## What you should do
Only one stretch of the data should be retyped: the lines from the line containing "STRONG LED TORCH" through the line containing "Bear Deer Forest". Keep pictures out of it.

## Provided data
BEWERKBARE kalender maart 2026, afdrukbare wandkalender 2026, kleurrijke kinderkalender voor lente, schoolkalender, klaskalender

---

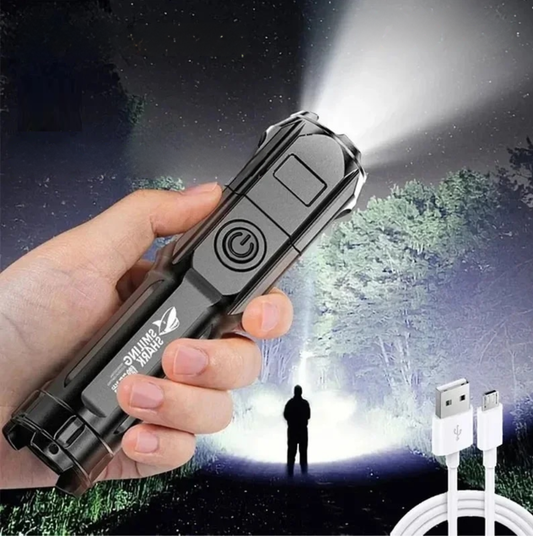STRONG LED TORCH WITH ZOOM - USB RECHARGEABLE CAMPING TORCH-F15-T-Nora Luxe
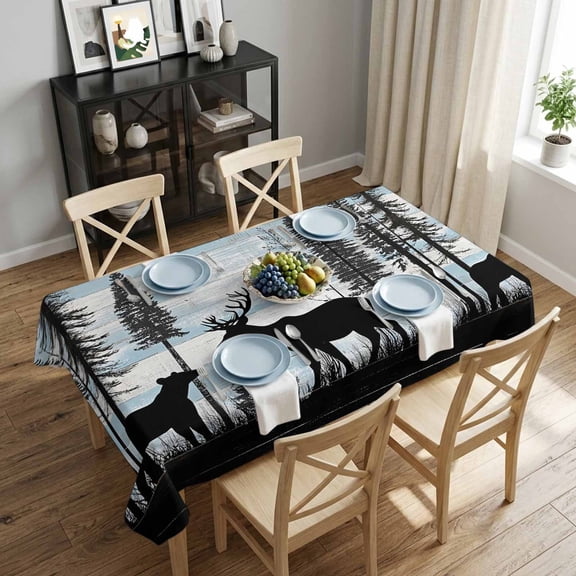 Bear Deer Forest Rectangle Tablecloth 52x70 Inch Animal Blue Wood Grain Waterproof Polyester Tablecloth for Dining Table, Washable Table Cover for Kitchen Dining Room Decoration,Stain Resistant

...

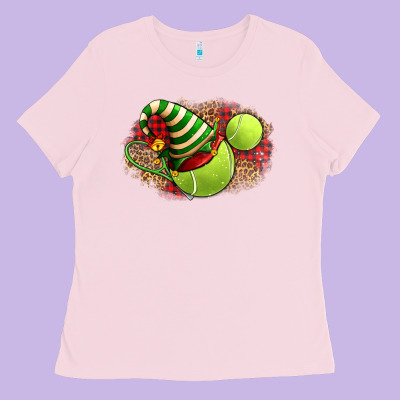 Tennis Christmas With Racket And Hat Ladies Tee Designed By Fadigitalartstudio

## Your response
STRONG LED TORCH WITH ZOOM - USB RECHARGEABLE CAMPING TORCH-F15-T-Nora Luxe
 Bear Deer Forest Rectangle Tablecloth 52x70 Inch Animal Blue Wood Grain Waterproof Polyester Tablecloth for Dining Table, Washable Table Cover for Kitchen Dining Room Decoration,Stain Resistant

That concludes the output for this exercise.